Richard & Mimi Fariña, from the 1965 Vanguard Records album “Reflections In A Crystal Wind”

 

Joan Baez & Mimi Fariña duet — Live, from Joan Baez’s 1995 shows at New York’s The Bottom Line club. From the CD set “Ring Them Bells” featuring duets and trios with Mary Chapin Carpenter, Mimi Fariña, Dar Williams, the Indigo Girls, Mary Black, Kate & Anna McGarrigle, and Tish Hinojosa.

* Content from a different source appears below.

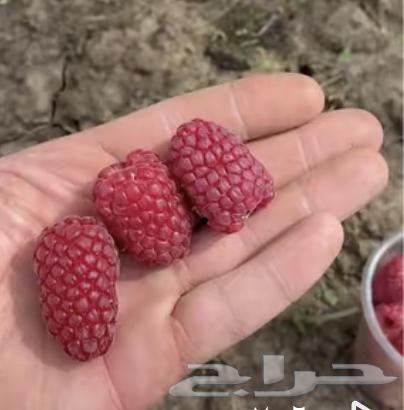 شلات توت العليق الاحمر والاصفر والاسود63173244751233113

from the liner notes of the album:

“At the time of Richard Farina`s untimely death in April 1966 (at age 29) he was producing what could have been 25-year old Joan’s first electric folk-rock album, which she ultimately shelved. Only three song from those sessions have ever surfaced over the years, in various collections: “Swallow Song” was a remake of a tune from Richard & Mimi`s second LP, “Reflections in a Crystal Wind.” Three decades later, it sounded better than ever here, with Mimi`s magnificent guitar playing on display. “Mimi was a superlative guitar player, aiming for, achieving, and perfecting runnings, styles and gyrations which to this day leave me in awe. Siblings harmony, born of invisible bonds, love and genius, is like no other.”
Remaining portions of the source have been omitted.